Thundercats logoWe’re getting closer and closer to the start of Mattel’s brand new Thundercats line — September will be here before we know it — and I don’t know about anyone else, but I’m in the middle of readying myself for this new era. If the Masters of the Universe Classics line has shown us anything, it’s that Mattel has it in them to make an expansive, fulfilling line of updated toys based around an older property. I’m looking forward to the prospect of collecting Thundercats figures for years to come.

We’ve all been burned before on Thundercats toys, a fact I’ve gone into previously. We’re already going to be going deeper into the Thundercats property this time around, so I’m much more confident that this line will be going beyond two figures before closing up shop.

In preparation for the line, I finally grabbed all four volumes of the original ’80s series and have been watching three a night over the past couple of weeks. As of right now, I’m halfway through the series. This is something I’ve been intending on doing anyway, as I’ve been running through a ton of complete series editions of old syndicated cartoons in the past few years. The announcement of the Thundercats line gave me the final push to track down the sets. Luckily I managed to get all four volumes for way below the price of a single volume.

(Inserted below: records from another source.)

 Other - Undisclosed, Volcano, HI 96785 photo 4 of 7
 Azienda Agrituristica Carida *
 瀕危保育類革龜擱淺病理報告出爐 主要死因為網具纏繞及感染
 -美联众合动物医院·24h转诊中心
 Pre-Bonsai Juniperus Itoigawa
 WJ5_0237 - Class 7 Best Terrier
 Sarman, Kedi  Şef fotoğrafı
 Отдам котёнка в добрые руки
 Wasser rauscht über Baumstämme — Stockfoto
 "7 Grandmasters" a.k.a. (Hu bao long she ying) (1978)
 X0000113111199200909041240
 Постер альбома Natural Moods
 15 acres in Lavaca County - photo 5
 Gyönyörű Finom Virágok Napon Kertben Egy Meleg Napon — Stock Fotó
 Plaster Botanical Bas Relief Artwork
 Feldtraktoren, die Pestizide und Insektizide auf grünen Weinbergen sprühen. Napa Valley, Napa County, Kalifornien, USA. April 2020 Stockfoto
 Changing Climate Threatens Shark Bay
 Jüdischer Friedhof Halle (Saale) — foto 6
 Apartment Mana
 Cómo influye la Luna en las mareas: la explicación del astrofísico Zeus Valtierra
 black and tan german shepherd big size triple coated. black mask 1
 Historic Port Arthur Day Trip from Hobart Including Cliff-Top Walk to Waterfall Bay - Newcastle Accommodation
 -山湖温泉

The weirdest thing about watching these old cartoons is how much I don’t remember. Thundercats the cartoon debuted in 1985, but I know for sure I didn’t get to see any of them first run. My area got a local Fox affiliate sometime in 1985, but I know they didn’t start showing the Thundercats until at least 1986, which means they were already in reruns by the time I was able to start watching them. Combine that with an iffy signal due to the Fox station (channel 21, deep in the UHF netherland beyond the ABC/NBC/CBS mainstream) running on what must have been battery power, and it’s a wonder I remember anything at all. I’m confident this is the first time I’m watching these without wavy vertical lines slicing up the picture, and finally everyone is the exact color they’re supposed to be. If you’re a younger whippersnapper and don’t know what it means to have a crappy reception, go on Youtube and watch some old show or commercial that’s been transferred from a decades-old VHS recording and you’ll have some idea of what I was watching the cartoon through.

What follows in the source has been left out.